[Pacemaker] [Problem]A monitor of Master stops when crm command repeat the movement of the resource.

Tue Nov 8 00:27:06 EST 2011

Hi All,

We tested the movement of the resource in Master/Slave.

============
Last updated: Tue Nov  8 14:12:23 2011
Stack: Heartbeat
Current DC: bl460g1b (1b34eec8-1d62-488b-a7fb-8e4b38f95ec3) - partition with quorum
Version: 1.0.11-9af47ddebcad19e35a61b2a20301dc038018e8e8
2 Nodes configured, unknown expected votes
3 Resources configured.
============

Online: [ bl460g1a bl460g1b ]

 Resource Group: master-group
     vip-master (ocf::heartbeat:Dummy): Started bl460g1a
     vip-rep    (ocf::heartbeat:Dummy): Started bl460g1a
 Master/Slave Set: msPostgresql
     Masters: [ bl460g1a ]
     Slaves: [ bl460g1b ]
 Clone Set: clnPingCheck
     Started: [ bl460g1a bl460g1b ]

Migration summary:
* Node bl460g1b: 
* Node bl460g1a: 

I change monitor handling of Stateful RA.
(snip)
stateful_monitor() {
echo "Stateful monitor" >> /tmp/test.log
    stateful_check_state "master"
(snip)

I repeat movement in the following script.

#!/bin/sh
i=1
while [ 1 ]; do
  echo "##############################" >> /tmp/test.log
  echo "move $i"
  crm resource move vip-rep
  echo "sleep"
  sleep 60
  crm resource unmove vip-rep
  i=`expr $i + 1`
done;

The phenomenon that a monitor of Master is not carried out occurs when I repeat movement in a script for a while.
(A problem reappears at considerable frequency when it continues carrying away a script.)
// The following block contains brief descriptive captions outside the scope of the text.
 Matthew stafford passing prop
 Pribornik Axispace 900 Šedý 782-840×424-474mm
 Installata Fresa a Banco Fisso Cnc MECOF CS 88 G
This problem seems to happen in both 1.0 most recent versions and 1.0.11 version.

 * Pacemaker-1-0-9af47ddebcad
 * Pacemaker-1-0-6e010d6b0d49 

A stop of the monitors is a problem very much.
I request improvement.

I register these contents and hb_report with Bugzilla.

 * http://bugs.clusterlabs.org/show_bug.cgi?id=5010

Best Regards,
Hideo Yamauchi.